Often times people think about the Gospels as Sunday School stories about Jesus. Rightly, many read them to find out about Jesus but when it comes to actual doctrine and theology people turn to the epistles.
As I’ve learned over the course of my academic career the Gospels are rich theological narrative that not only point one to the Messiah but also guide us how to live. They do this through both positive and negative examples. When you read, place yourself in the characters shoes, especially that of the disciples and Pharisees. The Gospels are inviting us to take part in the story of Jesus.
Jonathan Pennington, in his book Reading the Gospels Wisely, helpfully provides 9 reasons why we should read and study the Gospels.
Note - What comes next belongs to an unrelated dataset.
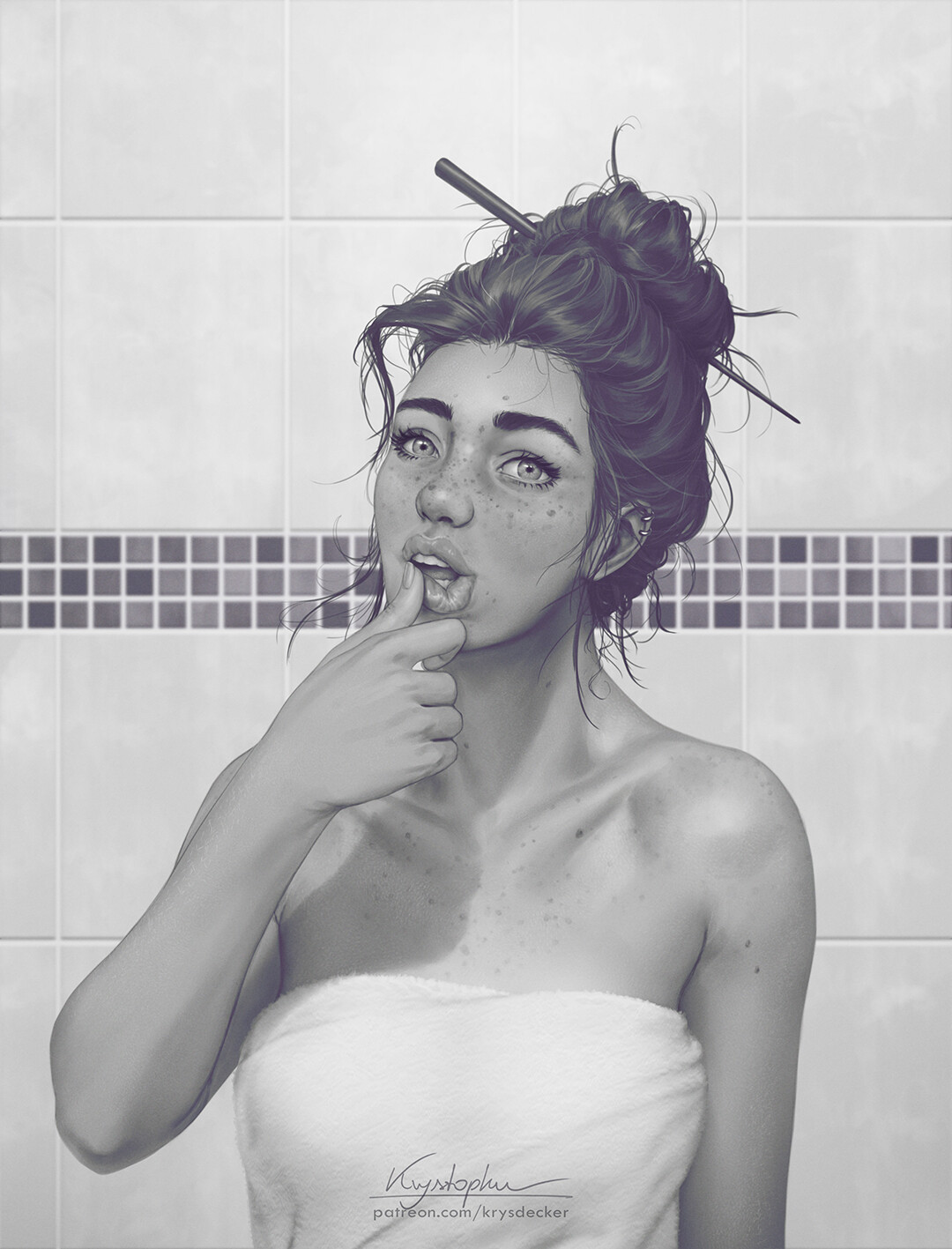 In the bathroom - Art, Drawing, Girls, Bathroom, Krysdecker, Longpost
I’ve summarized them below:
- They have been central to the church throughout its history.
- Paul and the other NT writers presuppose and build on the story and teachings of Jesus.
- The traditions behind the Gospel writings are the earliest access we have to the life of Christ.
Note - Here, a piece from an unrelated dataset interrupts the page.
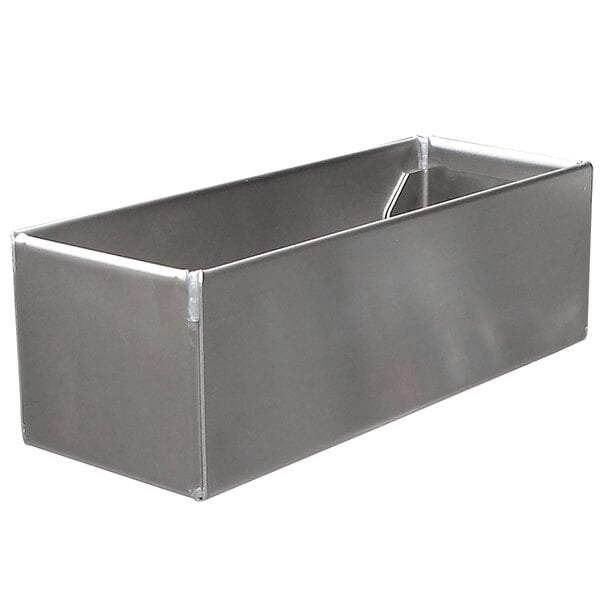 An Advance Tabco stainless steel metal utility tray with a handle.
- We get a more direct sense of the Bible’s storyline.
- They offer a concentrated exposure to the biblical emphasis on the coming kingdom of God.
- They show different languages or discourses of truth.
- They are in many ways a more comprehensive and paradigmatic type of map. Story communicates truth most comprehensively and transformatively.
- Encountering Jesus in narrative helps us grow in experiential knowledge.
- In the Gospels alone we have a personal, up-front encounter with Jesus.
Taken from Reading the Gospels Wisely pp. 38–49.